Photography Times: Married

March 22, 2010

In a country where women's rights is a thing to be reserved by legislation rather than a fundamental one, the figure of the proverbial Bharathiya Naari stands out to this post-mod day as a shining beacon of Indian culture.

So here's to the Bharathiya Naari - an epitome of Indian tradition, a deep red bindhi on her forehead draped in her saree's pallu, answering at the beck and call of the husband whose family she adopts as her own and her only. She's brought up conditioned to be married away into another family, make babies and take care of her husband's parents.

Although many Indian women have set an example by seeking an identity of their own and many following suit, the other side of the country is still sulking in outdated traditions and dogmatic prejudices. Just read the papers everyday and count the dowry deaths and domestic violences, you'll know.

For long I wanted to come up with an abstract idea that would symbolize the Bharithya Naari.

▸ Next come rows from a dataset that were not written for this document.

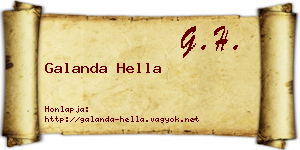 Galanda Hella névjegykártya
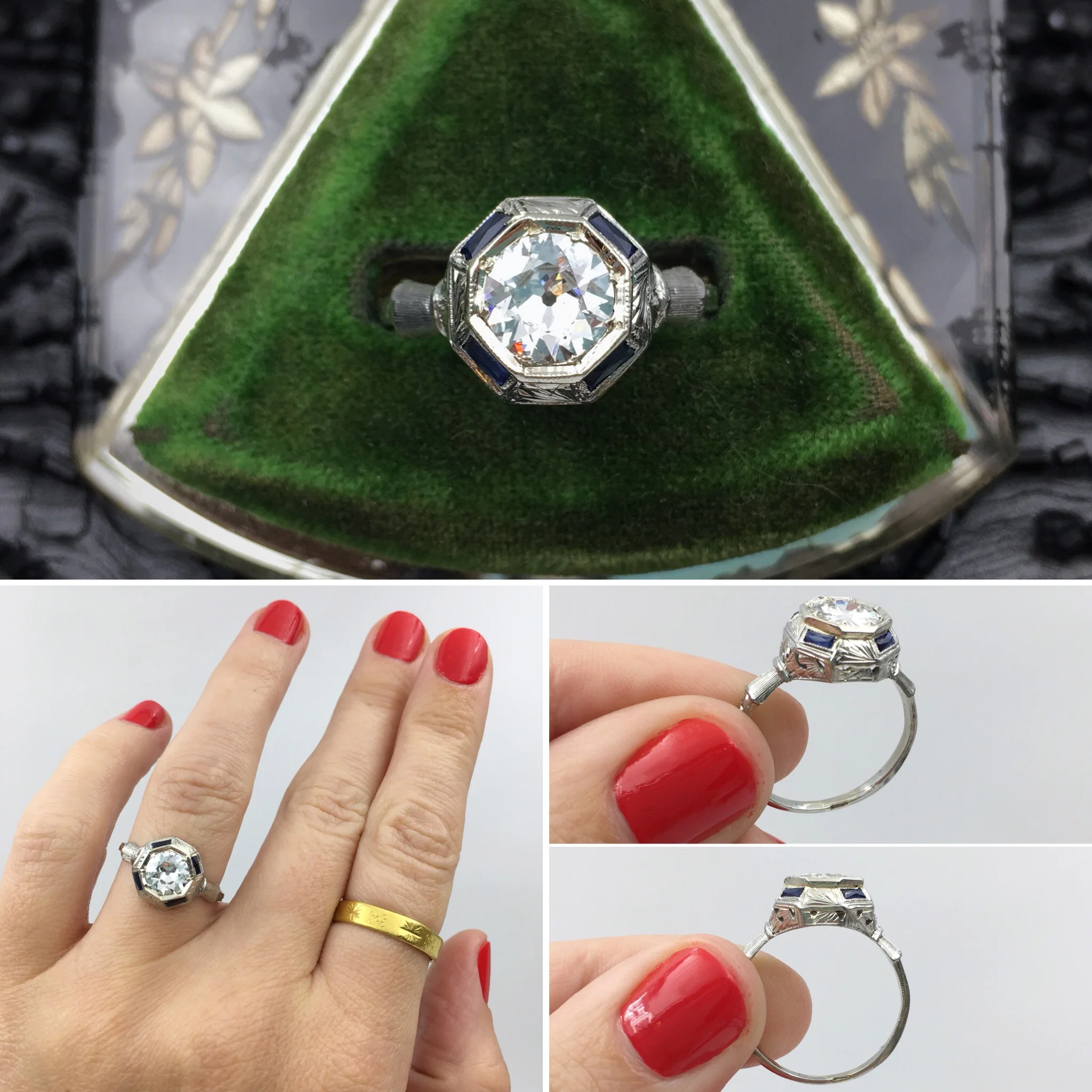 Art Deco diamond solitaire engagement ring Reverie estate jewelry NYC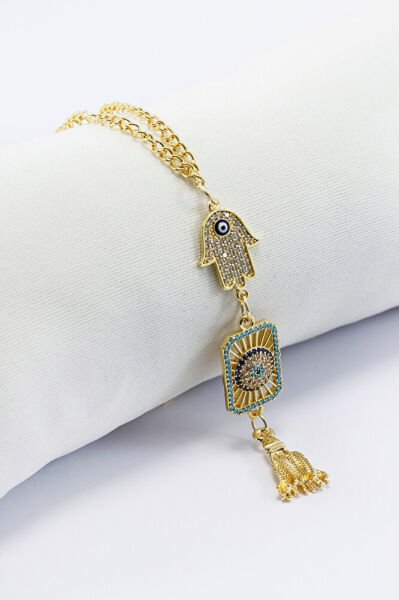 Zirkon Hamse Fatma Ana Eli Nazar Boncuğu Araba Dikiz Ayna Süsü, Püsküllü Yeni Araba Hediyesi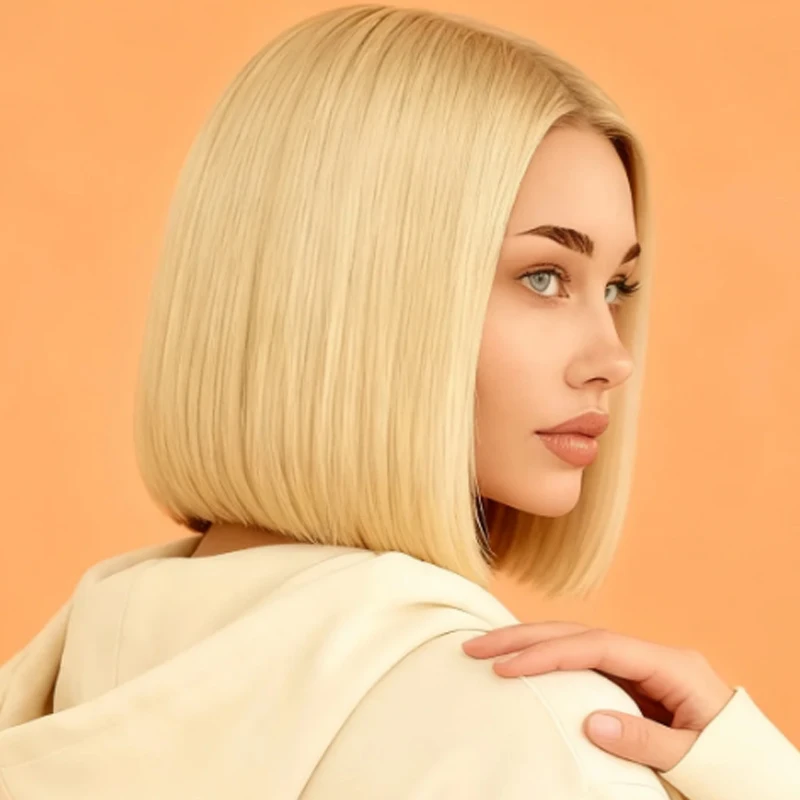 Women's gold short 12 inch synthetic wig, multifunctional and smooth, suitable for Halloween role-playing use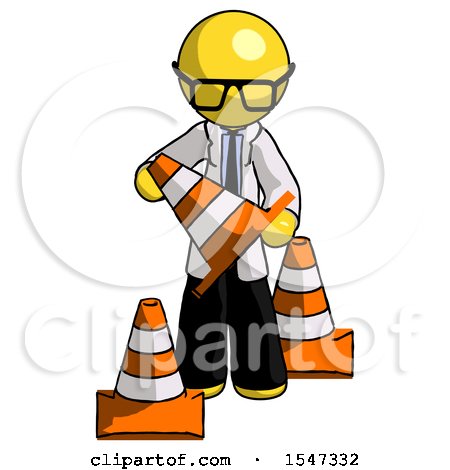 Yellow Doctor Scientist Man Holding a Traffic Cone by Leo Blanchette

Her commitment to tradition and subservience to her adopted family. And it was one fine afternoon reading through some of the recent posts on desicritics, I hatched the concept of using only the feet of a woman to portray as an abstract symbol of the Bharaithiya Naari.

This photograph portrays the feet of the subject wearing a toe-ring - a mark of a married woman in most Hindu traditions. Called the Metti in some parts of South India, it is said to have a scientific connotation as well. The Metti is said to regularize the menstrual cycle in women. It is always worn in the second finger and a nerve from there connects the uterus and passes through the heart. While walking, the friction caused on this nerve gives energy to the reproductive organs.

The photograph was taken with particular focus on the position of both the feet - indicating that the subject is seated one leg upright and the other bent on the floor. Metaphorically, meaning submissiveness; the under exposed grayscale symbolizing the lack of color in life. I set the shot on a Spot metering mode, which resulted in keeping only a distinct part of the foot in focus and the edges above and below out of focus.